Computer vision at scale with Hadoop and Storm

Recently, the team at Flickr has been working to improve photo search. Before our work began, Flickr only knew about photo metadata — information about the photo included in camera-generated EXIF data, plus any labels the photo owner added manually like tags, titles, and descriptions. Ironically, Flickr has never before been able to “see” what’s in the photograph itself.

Over time, many of us have started taking more photos, and it has become routine — especially with the launch last year of our free terabyte* — for users to have many un-curated photos with little or no metadata. This has made it difficult in some cases to find photos, either your own or from others.

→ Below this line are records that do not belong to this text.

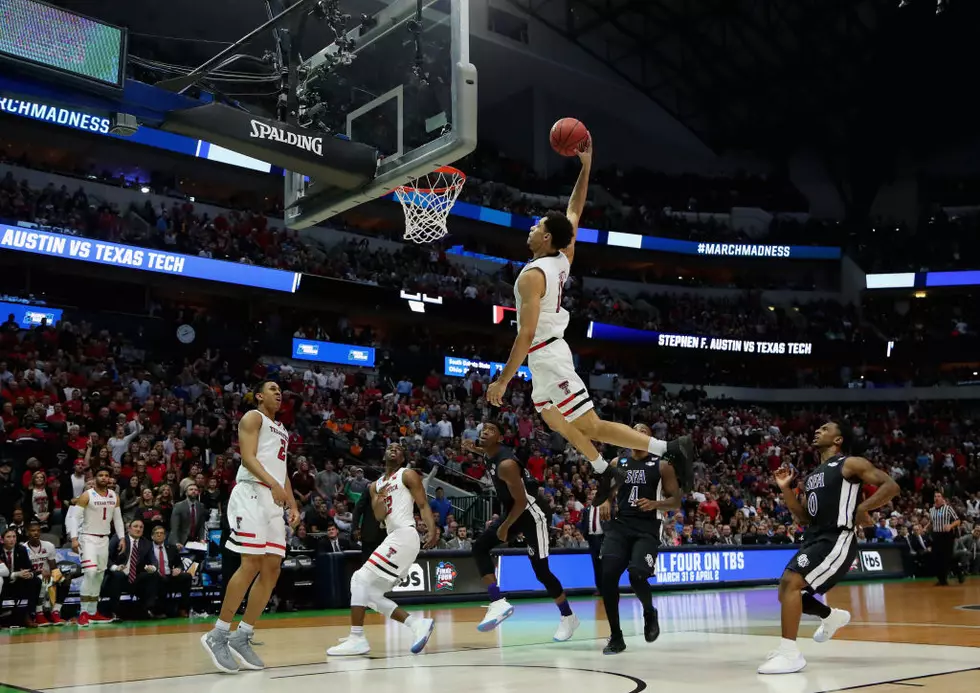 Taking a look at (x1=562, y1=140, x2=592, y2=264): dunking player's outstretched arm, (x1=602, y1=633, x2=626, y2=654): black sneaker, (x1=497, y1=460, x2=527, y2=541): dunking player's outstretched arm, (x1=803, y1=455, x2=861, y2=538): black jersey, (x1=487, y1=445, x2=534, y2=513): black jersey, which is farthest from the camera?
(x1=487, y1=445, x2=534, y2=513): black jersey

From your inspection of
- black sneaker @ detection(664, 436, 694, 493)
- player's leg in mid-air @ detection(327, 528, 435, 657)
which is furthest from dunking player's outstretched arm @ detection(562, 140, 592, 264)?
player's leg in mid-air @ detection(327, 528, 435, 657)

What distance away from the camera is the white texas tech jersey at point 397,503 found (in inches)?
336

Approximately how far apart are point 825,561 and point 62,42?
7.13 metres

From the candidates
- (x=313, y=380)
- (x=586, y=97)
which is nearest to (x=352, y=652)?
(x=313, y=380)

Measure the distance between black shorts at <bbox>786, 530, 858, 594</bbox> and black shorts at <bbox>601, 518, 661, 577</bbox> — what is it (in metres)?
1.60

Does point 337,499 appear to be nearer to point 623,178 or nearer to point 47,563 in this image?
point 47,563

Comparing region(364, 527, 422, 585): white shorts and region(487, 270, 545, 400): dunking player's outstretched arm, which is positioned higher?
region(487, 270, 545, 400): dunking player's outstretched arm

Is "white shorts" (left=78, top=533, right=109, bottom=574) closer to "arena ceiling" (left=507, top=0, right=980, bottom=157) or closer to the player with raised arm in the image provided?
the player with raised arm

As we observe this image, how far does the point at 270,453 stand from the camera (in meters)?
7.45

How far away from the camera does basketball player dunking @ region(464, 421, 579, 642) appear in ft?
28.6

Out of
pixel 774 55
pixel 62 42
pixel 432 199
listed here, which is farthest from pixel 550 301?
pixel 774 55

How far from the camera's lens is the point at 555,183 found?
39438 millimetres

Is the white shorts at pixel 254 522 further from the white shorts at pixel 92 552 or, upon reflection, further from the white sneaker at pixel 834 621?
the white shorts at pixel 92 552

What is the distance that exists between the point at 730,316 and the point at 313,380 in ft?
71.8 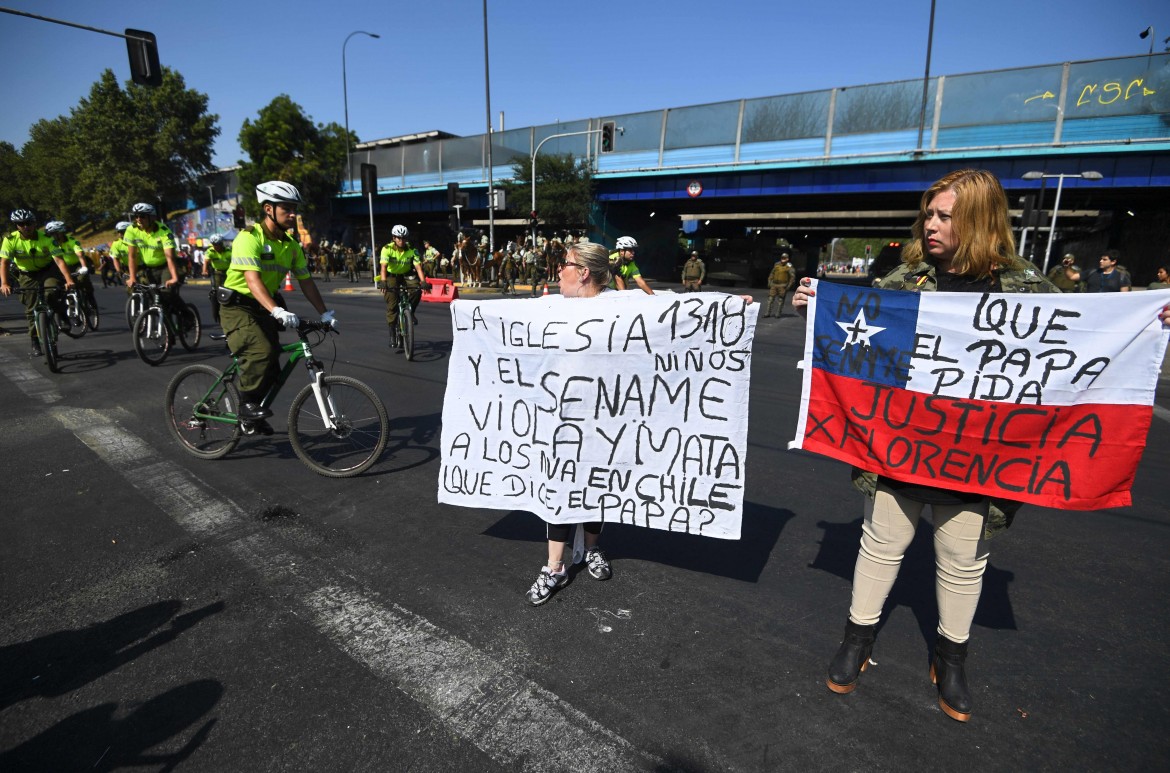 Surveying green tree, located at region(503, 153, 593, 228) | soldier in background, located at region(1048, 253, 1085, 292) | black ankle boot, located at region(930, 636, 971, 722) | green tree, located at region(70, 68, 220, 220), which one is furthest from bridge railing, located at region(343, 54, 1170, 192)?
green tree, located at region(70, 68, 220, 220)

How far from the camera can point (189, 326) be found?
10070 mm

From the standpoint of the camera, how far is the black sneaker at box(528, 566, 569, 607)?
3.03 m

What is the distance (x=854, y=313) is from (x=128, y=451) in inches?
227

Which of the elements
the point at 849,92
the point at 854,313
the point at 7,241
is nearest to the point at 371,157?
the point at 849,92

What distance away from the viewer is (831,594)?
3.16m

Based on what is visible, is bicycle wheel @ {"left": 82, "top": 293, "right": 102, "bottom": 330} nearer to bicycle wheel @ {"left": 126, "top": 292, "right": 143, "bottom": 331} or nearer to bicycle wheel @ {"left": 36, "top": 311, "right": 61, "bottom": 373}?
bicycle wheel @ {"left": 126, "top": 292, "right": 143, "bottom": 331}

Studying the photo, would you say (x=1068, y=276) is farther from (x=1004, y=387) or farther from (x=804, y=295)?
(x=804, y=295)

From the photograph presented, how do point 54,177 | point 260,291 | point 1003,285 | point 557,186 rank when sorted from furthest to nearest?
point 54,177 < point 557,186 < point 260,291 < point 1003,285

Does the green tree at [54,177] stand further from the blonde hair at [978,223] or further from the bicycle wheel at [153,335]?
the blonde hair at [978,223]

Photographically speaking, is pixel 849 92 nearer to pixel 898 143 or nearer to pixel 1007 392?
pixel 898 143

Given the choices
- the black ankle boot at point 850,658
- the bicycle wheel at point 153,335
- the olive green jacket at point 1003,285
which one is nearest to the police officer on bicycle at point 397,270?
the bicycle wheel at point 153,335

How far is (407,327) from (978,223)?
838cm

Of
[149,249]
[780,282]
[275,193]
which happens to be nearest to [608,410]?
[275,193]

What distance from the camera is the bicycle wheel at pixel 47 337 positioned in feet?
26.9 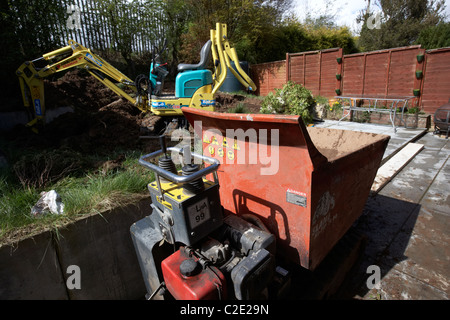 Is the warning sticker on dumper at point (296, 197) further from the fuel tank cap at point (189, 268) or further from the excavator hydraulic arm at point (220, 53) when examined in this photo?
the excavator hydraulic arm at point (220, 53)

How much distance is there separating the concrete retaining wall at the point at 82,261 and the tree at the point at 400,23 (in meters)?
25.9

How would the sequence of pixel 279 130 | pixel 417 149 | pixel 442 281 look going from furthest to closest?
pixel 417 149, pixel 442 281, pixel 279 130

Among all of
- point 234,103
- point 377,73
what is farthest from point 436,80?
point 234,103

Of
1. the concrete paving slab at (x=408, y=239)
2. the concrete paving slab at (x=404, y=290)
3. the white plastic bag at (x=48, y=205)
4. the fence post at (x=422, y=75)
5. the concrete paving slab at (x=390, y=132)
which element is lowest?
the concrete paving slab at (x=404, y=290)

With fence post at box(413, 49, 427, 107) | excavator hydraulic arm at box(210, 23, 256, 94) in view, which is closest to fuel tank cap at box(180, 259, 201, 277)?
excavator hydraulic arm at box(210, 23, 256, 94)

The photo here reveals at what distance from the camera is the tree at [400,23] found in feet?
68.7

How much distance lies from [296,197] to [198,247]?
0.74m

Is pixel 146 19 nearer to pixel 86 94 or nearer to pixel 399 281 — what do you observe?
pixel 86 94

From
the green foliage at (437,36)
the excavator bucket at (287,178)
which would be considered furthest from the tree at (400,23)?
the excavator bucket at (287,178)

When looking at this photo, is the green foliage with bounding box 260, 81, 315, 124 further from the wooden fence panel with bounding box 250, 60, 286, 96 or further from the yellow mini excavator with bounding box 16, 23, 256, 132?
the wooden fence panel with bounding box 250, 60, 286, 96

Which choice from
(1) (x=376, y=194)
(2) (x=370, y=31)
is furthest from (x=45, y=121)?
(2) (x=370, y=31)

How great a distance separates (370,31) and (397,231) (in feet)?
81.2

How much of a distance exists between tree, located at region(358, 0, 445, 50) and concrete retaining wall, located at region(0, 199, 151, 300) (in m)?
25.9

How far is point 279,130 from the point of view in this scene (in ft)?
5.21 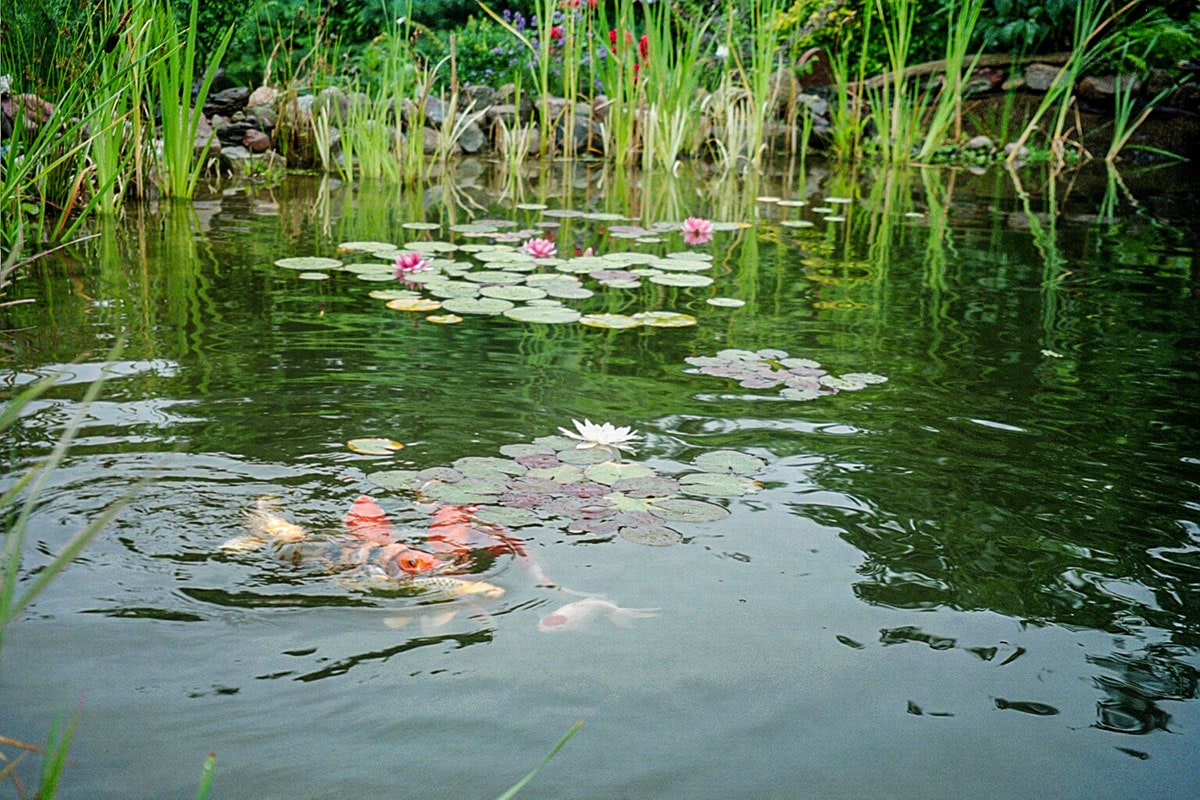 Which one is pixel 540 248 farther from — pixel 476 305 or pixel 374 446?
pixel 374 446

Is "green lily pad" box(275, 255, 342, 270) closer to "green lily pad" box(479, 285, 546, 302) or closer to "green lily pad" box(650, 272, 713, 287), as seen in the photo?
"green lily pad" box(479, 285, 546, 302)

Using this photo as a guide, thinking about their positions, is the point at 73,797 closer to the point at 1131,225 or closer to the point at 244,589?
the point at 244,589

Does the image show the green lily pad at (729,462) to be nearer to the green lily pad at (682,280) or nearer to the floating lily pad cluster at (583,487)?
the floating lily pad cluster at (583,487)

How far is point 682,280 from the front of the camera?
13.0ft

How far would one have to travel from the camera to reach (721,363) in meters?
2.90

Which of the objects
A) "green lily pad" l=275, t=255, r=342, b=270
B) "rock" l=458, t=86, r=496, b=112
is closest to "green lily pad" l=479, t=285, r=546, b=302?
"green lily pad" l=275, t=255, r=342, b=270

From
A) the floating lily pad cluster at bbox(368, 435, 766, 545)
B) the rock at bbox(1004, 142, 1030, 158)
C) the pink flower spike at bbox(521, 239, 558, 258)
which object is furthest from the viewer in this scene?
the rock at bbox(1004, 142, 1030, 158)

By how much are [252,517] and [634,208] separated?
423cm

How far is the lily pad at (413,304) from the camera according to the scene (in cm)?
344

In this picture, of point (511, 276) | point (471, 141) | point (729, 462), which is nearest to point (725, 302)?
point (511, 276)

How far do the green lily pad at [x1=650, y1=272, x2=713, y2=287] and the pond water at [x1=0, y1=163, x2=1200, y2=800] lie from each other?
5.7 inches

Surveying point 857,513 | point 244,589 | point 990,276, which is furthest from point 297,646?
point 990,276

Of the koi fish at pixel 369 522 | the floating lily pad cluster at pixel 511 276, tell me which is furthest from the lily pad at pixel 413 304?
the koi fish at pixel 369 522

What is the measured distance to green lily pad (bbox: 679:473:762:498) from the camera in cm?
207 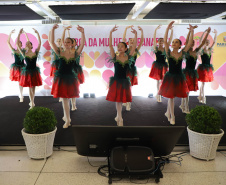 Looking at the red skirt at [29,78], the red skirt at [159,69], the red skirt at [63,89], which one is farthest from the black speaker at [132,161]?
the red skirt at [159,69]

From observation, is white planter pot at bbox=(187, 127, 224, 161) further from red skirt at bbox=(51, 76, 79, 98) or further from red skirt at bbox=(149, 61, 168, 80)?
red skirt at bbox=(149, 61, 168, 80)

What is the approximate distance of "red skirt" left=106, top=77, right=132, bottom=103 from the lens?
3.54 m

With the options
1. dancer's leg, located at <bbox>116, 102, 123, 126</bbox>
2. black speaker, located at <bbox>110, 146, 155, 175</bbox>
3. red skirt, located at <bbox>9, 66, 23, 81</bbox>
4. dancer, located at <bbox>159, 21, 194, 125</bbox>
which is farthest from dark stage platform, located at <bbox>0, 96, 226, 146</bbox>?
black speaker, located at <bbox>110, 146, 155, 175</bbox>

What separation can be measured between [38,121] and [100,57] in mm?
4382

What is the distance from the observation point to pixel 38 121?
240cm

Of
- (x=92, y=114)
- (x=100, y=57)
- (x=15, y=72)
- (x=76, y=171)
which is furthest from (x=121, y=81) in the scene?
(x=15, y=72)

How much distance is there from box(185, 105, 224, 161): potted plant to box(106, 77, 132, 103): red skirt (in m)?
1.31

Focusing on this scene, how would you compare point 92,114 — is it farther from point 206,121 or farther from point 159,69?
point 206,121

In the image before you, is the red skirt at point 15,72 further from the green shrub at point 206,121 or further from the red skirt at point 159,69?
the green shrub at point 206,121

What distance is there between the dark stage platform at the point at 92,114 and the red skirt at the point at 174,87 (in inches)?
21.1

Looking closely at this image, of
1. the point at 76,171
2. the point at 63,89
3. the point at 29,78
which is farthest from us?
the point at 29,78

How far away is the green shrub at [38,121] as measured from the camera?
240cm

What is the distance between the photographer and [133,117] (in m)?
4.31

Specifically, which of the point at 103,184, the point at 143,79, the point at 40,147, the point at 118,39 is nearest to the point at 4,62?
the point at 118,39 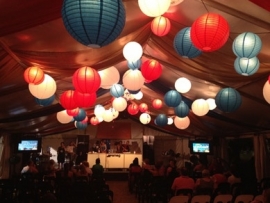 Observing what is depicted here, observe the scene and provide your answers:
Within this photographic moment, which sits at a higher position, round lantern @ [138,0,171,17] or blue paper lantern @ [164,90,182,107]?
round lantern @ [138,0,171,17]

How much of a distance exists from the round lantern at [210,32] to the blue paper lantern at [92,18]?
3.04 ft

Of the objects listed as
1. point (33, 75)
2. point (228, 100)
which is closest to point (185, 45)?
→ point (228, 100)

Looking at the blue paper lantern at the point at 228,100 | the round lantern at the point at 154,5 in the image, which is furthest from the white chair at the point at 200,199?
the round lantern at the point at 154,5

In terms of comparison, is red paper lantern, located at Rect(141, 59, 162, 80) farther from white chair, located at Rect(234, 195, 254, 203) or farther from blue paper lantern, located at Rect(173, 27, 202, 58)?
white chair, located at Rect(234, 195, 254, 203)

So for the first time, Flickr has started looking at the photo itself**. Last week, the Flickr team presented this technology at the May meeting of the San Francisco Hadoop User’s Group at our new offices in San Francisco. The presentation focuses on how we scaled computer vision and deep learning algorithms to Flickr’s multi-billion image collection using technologies like Apache Hadoop and Storm. (In a future post here, we’ll describe the learning and vision systems themselves in more detail.)

[youtube=http://www.youtube.com/watch?v=OrhAbZGkW8k&w=640&h=360]

Slides available here: Flickr: Computer vision at scale with Hadoop and Storm

Thanks very much to Amit Nithian and Krista Wiederhold (organizers of the SFHUG meetup) for giving us a chance to share our work.

If you’d like to work on interesting challenges like this at Flickr in San Francisco, we’d like to talk to you! Please look here for more information: http://www.flickr.com/jobs

* Today is the first anniversary of the terabyte!

** Your photos are processed by computers – no humans look at them. The automatic tagging data is also protected by your privacy settings.